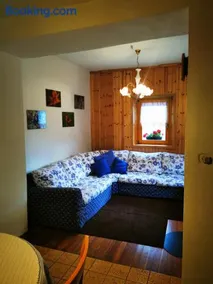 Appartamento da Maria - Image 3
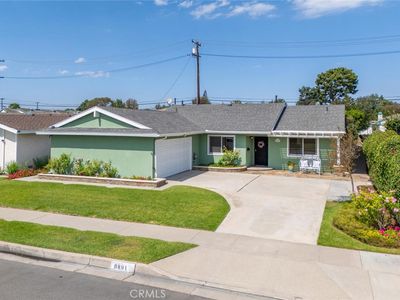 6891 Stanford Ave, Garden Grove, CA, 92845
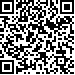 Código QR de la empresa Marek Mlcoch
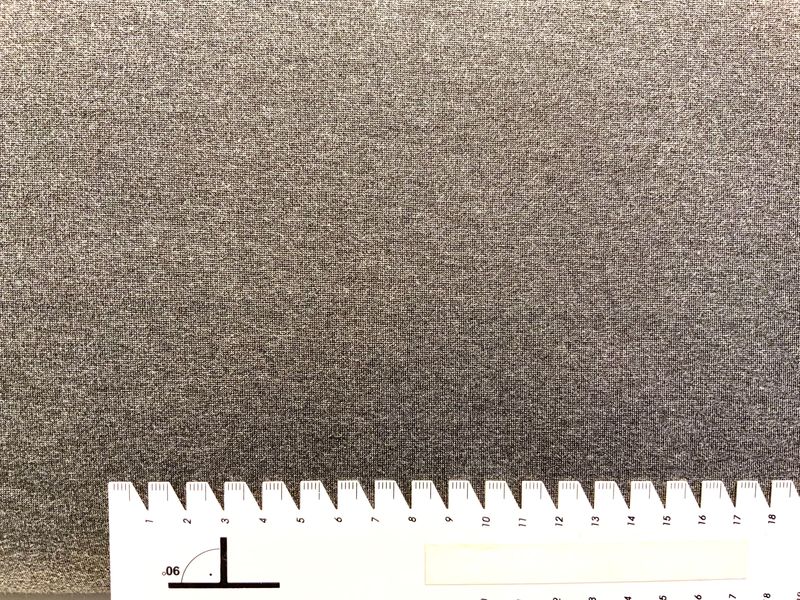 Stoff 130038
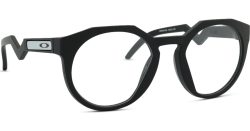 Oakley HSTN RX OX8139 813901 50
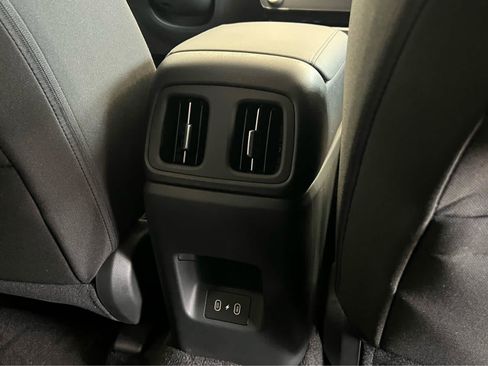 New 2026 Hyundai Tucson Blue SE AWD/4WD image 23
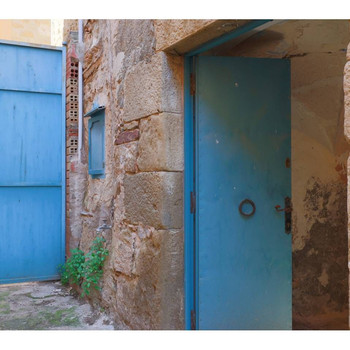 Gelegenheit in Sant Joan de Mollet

═══

## Required action
Copy the listing exactly. Leave the pictures out.

## Expected output
 Appartamento da Maria - Image 3
 6891 Stanford Ave, Garden Grove, CA, 92845
 Código QR de la empresa Marek Mlcoch
 Stoff 130038
 Oakley HSTN RX OX8139 813901 50
 New 2026 Hyundai Tucson Blue SE AWD/4WD image 23
 Gelegenheit in Sant Joan de Mollet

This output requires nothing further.